▸ Available data
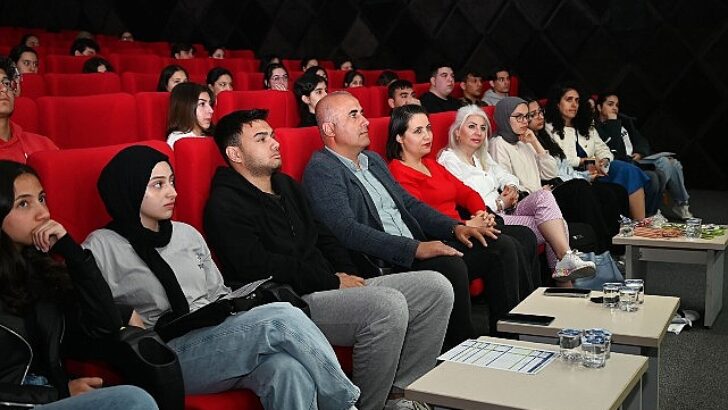 Kurs öğrencilerine seminer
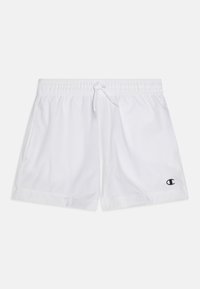 Shorts de bain blancs avec une taille élastique et un cordon de serrage. Comprend des poches latérales et un petit logo noir en bas à droite. Texture lisse.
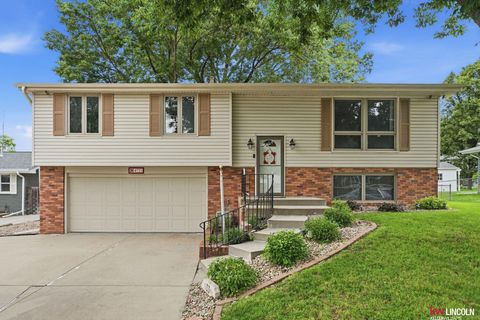 Photo of 4721 S 44 Street, Lincoln, NE 68516 (MLS # 22617987)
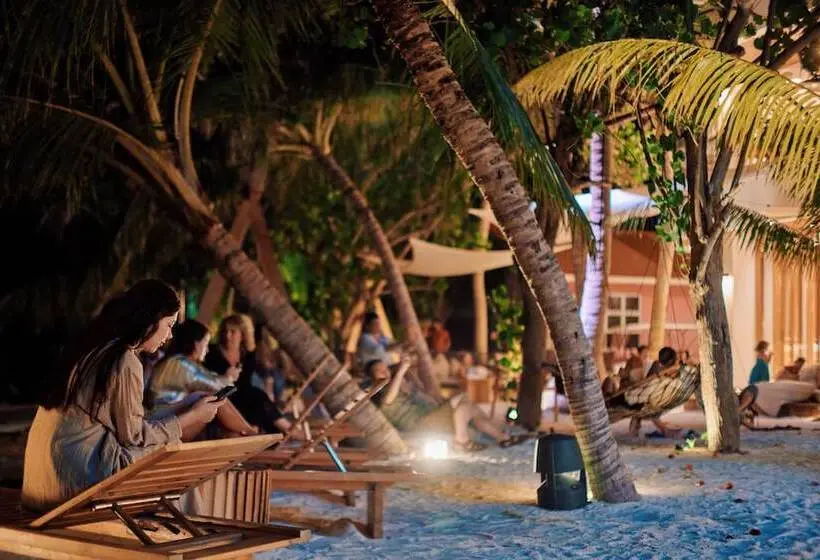 Stone Hotels Dhiffushi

▸ Problem details
Would it be possible to copy the material exactly, excluding the images?

▸ Response area
 Kurs öğrencilerine seminer
 Shorts de bain blancs avec une taille élastique et un cordon de serrage. Comprend des poches latérales et un petit logo noir en bas à droite. Texture lisse.
 Photo of 4721 S 44 Street, Lincoln, NE 68516 (MLS # 22617987)
 Stone Hotels Dhiffushi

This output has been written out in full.